SQL Alerts

Skill: databricks-bundles

What You Can Build

You can define SQL alerts as bundle resources that monitor query results and fire notifications when thresholds are breached. This turns your data quality checks into version-controlled, deployable infrastructure — same repo, same databricks bundle deploy, same promotion path from dev to prod.

In Action

“Create a bundle resource for a SQL alert that monitors data freshness. It should fire when a table hasn’t been updated in more than 24 hours and send notifications on both alert and recovery.”

resources:
  queries:
    freshness_check:
      display_name: "Data Freshness Check"
      query_text: |
        SELECT ROUND(
          (UNIX_TIMESTAMP(CURRENT_TIMESTAMP()) -
           UNIX_TIMESTAMP(MAX(updated_at))) / 3600, 1
        ) AS hours_since_update
        FROM prod_catalog.bronze.raw_events
      warehouse_id: ${var.warehouse_id}

  alerts:
    data_freshness_alert:
      display_name: "Data Freshness Alert"
      query_id: ${resources.queries.freshness_check.id}
      condition:
        op: GREATER_THAN
        operand:
          column:
            name: hours_since_update
        threshold:
          value:
            double_value: 24.0
      custom_subject: "Data Freshness Alert: {{ALERT_STATUS}}"
      custom_body: |
        Hours since last update: {{QUERY_RESULT_VALUE}}
        Threshold: 24 hours
        Status: {{ALERT_STATUS}}
      notify_on_ok: true

Key decisions:

The alert references its query via ${resources.queries.freshness_check.id}, keeping both resources portable across environments
notify_on_ok: true sends a recovery notification when the alert clears — without it, you only hear about problems, never resolutions
GREATER_THAN with a double_value threshold works for numeric comparisons; the alert evaluates on each scheduled query execution
Custom subject and body use {{ALERT_STATUS}} and {{QUERY_RESULT_VALUE}} template variables to include runtime context in notifications

More Patterns

Validate the Alert Schema First

“Check the current alert schema before writing YAML to make sure my fields match the API surface.”
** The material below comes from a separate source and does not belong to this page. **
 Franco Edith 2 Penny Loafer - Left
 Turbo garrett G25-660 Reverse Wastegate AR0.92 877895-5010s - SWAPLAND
databricks bundle schema | jq '.properties.resources.properties.alerts'

The alert API surface evolves between CLI versions. Running this command before you write YAML prevents deployment failures from stale field names or missing required properties.

Row Count Anomaly Alert

“Create an alert that fires when a table’s row count drops below a minimum threshold, indicating a potential ingestion failure.”

resources:
  queries:
    row_count_check:
      display_name: "Orders Row Count Check"
      query_text: |
        SELECT COUNT(*) AS row_count
        FROM prod_catalog.silver.orders
        WHERE order_date = CURRENT_DATE()
      warehouse_id: ${var.warehouse_id}

  alerts:
    low_row_count:
      display_name: "Low Order Count Alert"
      query_id: ${resources.queries.row_count_check.id}
      condition:
        op: LESS_THAN
        operand:
          column:
            name: row_count
        threshold:
          value:
            double_value: 1000.0
      custom_subject: "Low Row Count: {{ALERT_STATUS}}"
      custom_body: "Today's order count: {{QUERY_RESULT_VALUE}} (expected >= 1000)"
      notify_on_ok: true

This catches silent ingestion failures — the pipeline runs successfully but processes zero or very few records. Set the threshold based on your historical minimum daily volume.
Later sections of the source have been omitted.